» What is being asked: Output exactly the lines from the one containing "this 599×405 image." to the last line of the material, inclusive, and nothing more.

» Records supplied:
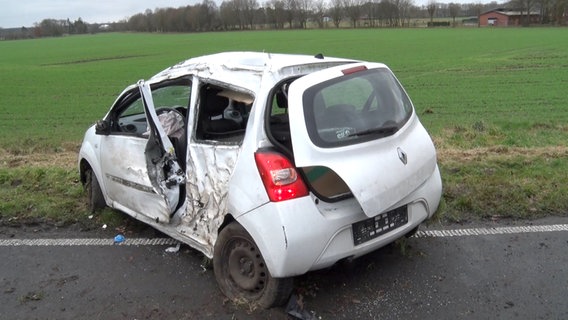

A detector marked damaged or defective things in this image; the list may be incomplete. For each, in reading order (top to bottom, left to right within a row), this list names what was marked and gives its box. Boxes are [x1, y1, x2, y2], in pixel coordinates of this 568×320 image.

broken side mirror [95, 119, 111, 136]
severe collision damage [79, 52, 444, 308]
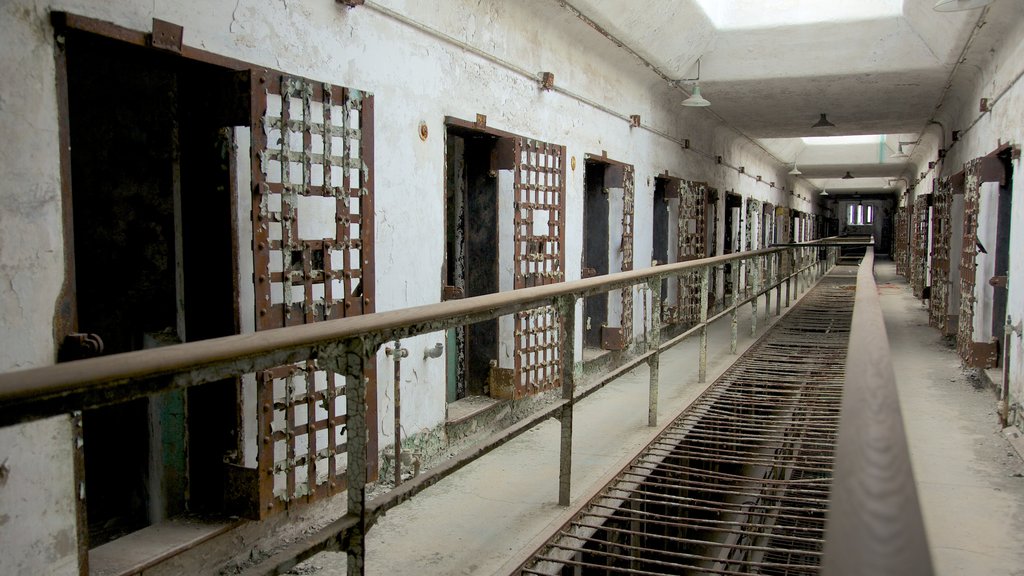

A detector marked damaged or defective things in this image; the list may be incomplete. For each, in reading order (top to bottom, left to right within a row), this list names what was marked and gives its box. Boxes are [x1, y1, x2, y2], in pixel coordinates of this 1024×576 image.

rusted cell door [250, 71, 378, 512]
corroded metal bar [556, 294, 580, 506]
corroded metal bar [648, 280, 664, 428]
rusted cell door [928, 179, 952, 332]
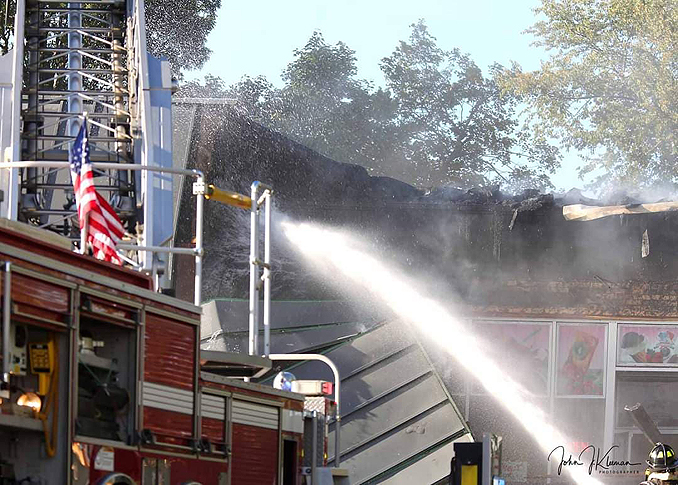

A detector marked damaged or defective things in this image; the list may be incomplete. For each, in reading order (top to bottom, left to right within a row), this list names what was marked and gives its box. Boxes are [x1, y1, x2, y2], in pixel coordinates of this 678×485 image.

damaged building [170, 100, 678, 482]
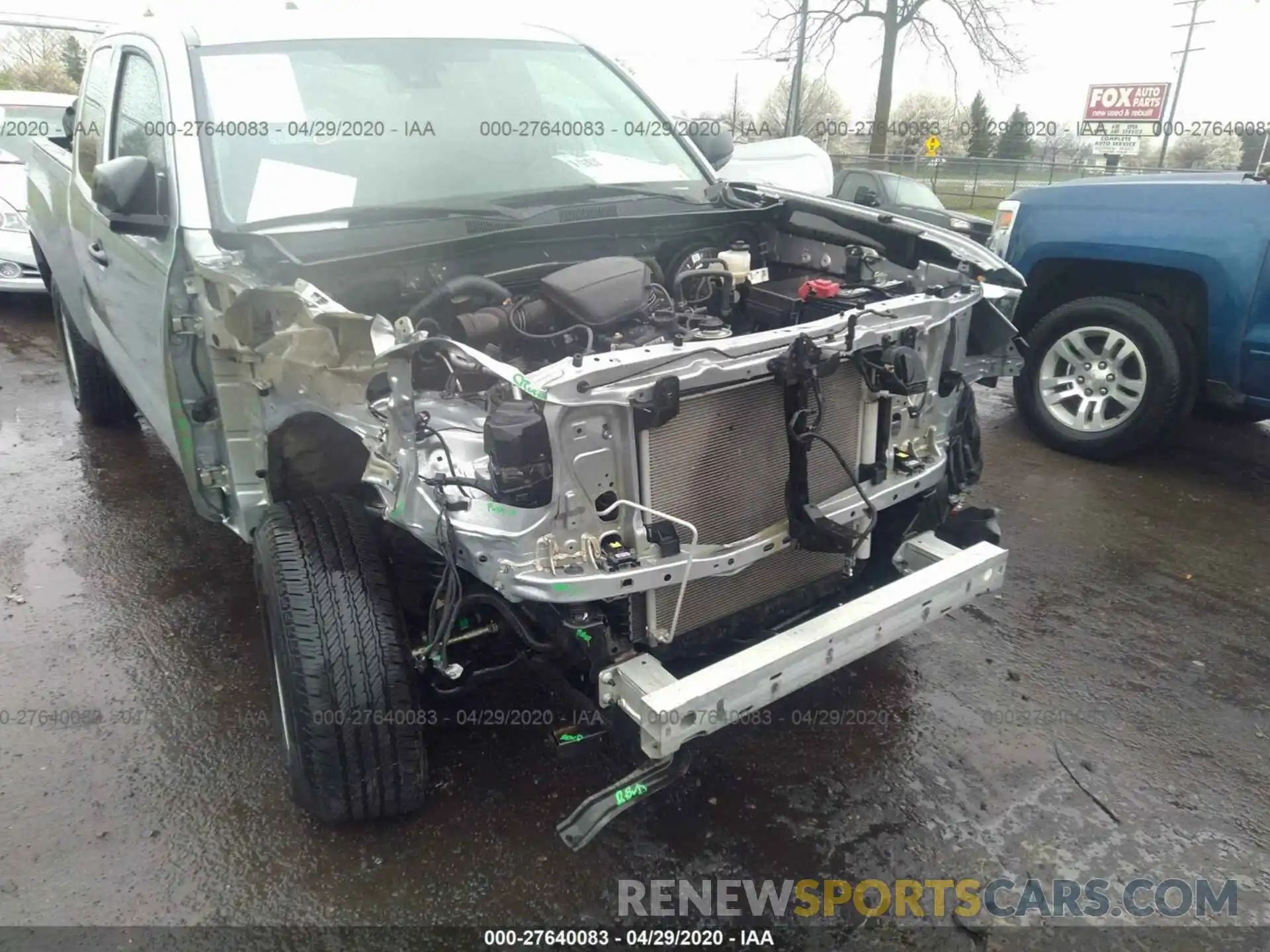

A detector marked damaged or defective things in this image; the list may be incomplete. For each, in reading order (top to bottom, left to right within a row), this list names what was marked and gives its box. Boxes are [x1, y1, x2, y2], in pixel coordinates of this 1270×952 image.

damaged pickup truck [27, 17, 1021, 848]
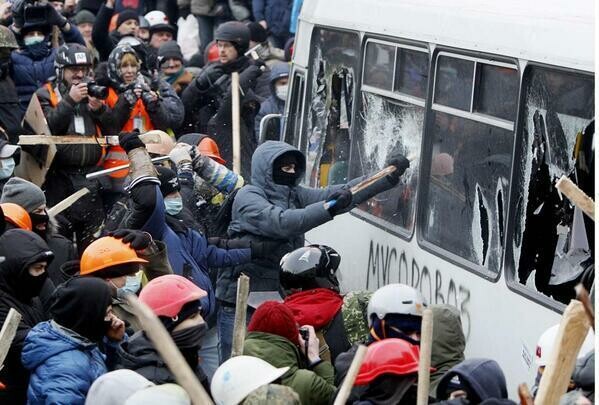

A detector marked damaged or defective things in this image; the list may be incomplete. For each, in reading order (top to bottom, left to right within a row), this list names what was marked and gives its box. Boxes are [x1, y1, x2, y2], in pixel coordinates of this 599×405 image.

shattered bus window [302, 28, 358, 186]
shattered bus window [510, 67, 596, 300]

» Your solution:
A detector marked damaged or defective things in this image; the list may be incomplete. For each, in reading order (top to bottom, left to right within a row), this list names what was marked and gives its box. Boxes are [x1, y1, x2, y2], in pixel coordinates of this 599×405 image.

shattered bus window [302, 28, 358, 186]
shattered bus window [510, 67, 596, 300]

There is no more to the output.